Heel even staan we met de bus in Le Tour. Want het is hier toch het allermooist. Alleen al om de herinneringen, die als paradijsvogels tussen Glacier du Tour, La Balme en het dorp vliegen. De eerste alpinetour, de val, het winterchalet met De Tien Spanjaarden, het leren skiën; allemaal hier.
Maar het mooiste aan Le Tour is misschien nog wel dat het een uiteinde is. Na het dorp rest er niets dan bergen. En al weet ik precies wat er achter die bergen schuilt (Zwitserland), toch lijkt het alsof de beschaving precies hier ophoudt.
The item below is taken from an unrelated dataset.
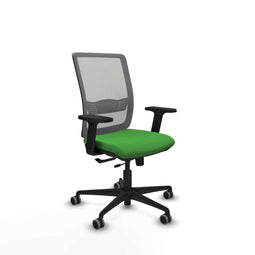 Haches Traslack Piqueras y Crespo 2D036G0 - Bureaustoel - Verstelbare hoogte met armleuning - Groen
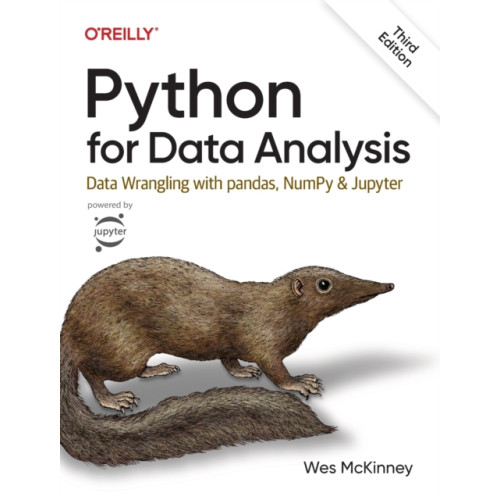 O'Reilly Media Python for Data Analysis 3e (häftad, eng)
De kleine, stille uitloper van Chamonix’s gekte sterft waar het steil wordt en is vergeten bij de eerste passen omhoog. En met een beetje verbeeldingskracht zijn er geen pistes of liften.
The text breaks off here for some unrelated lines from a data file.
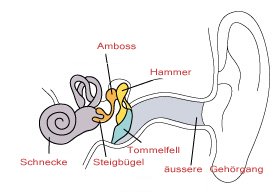 Das Hörsystem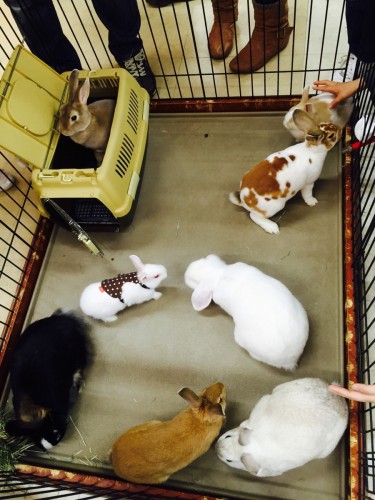 ファイル 2016-03-27 19 00 20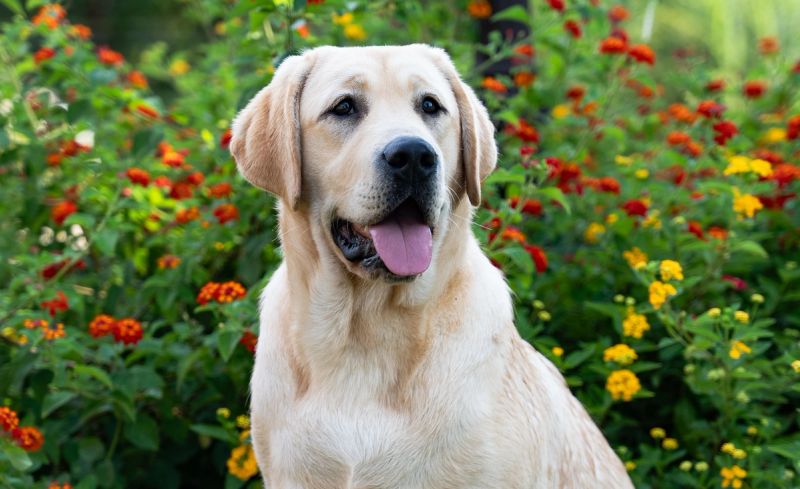 Tessa, Yellow Labrador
Dan heb je de reden te pakken waarom je uit Amsterdam emigreert en je familie en vrienden op ansichtkaartafstand achterlaat. Dan geld het argument ‘rust’ en kun je jezelf weer serieus nemen. Alhoewel de emigratie zich nooit meer voordoet als een keuze, niet eens meer als de uitkomst van een proces maar alleen als simpel gegeven, heb ik het toch nodig om even met de bus in Le Tour te staan.
Tussen de herinneringen en de bergen.